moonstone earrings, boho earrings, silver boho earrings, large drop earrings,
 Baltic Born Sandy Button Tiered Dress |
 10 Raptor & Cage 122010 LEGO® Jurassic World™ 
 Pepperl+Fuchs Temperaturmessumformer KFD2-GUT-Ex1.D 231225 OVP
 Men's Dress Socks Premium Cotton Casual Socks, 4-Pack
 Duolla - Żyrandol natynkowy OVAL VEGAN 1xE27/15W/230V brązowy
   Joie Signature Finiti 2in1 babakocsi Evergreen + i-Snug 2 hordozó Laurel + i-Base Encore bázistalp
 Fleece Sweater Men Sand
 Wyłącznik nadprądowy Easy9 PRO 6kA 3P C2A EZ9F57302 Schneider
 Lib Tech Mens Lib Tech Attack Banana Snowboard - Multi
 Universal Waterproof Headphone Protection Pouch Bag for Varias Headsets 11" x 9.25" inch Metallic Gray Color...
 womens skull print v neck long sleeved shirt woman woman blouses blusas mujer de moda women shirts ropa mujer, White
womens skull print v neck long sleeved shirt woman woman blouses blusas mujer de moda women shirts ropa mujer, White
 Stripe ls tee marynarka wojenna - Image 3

•••

Take the lines above from the one holding "Universal Waterproof Headphone" to the last and output them exactly.

 Universal Waterproof Headphone Protection Pouch Bag for Varias Headsets 11" x 9.25" inch Metallic Gray Color...
 womens skull print v neck long sleeved shirt woman woman blouses blusas mujer de moda women shirts ropa mujer, White
womens skull print v neck long sleeved shirt woman woman blouses blusas mujer de moda women shirts ropa mujer, White
 Stripe ls tee marynarka wojenna - Image 3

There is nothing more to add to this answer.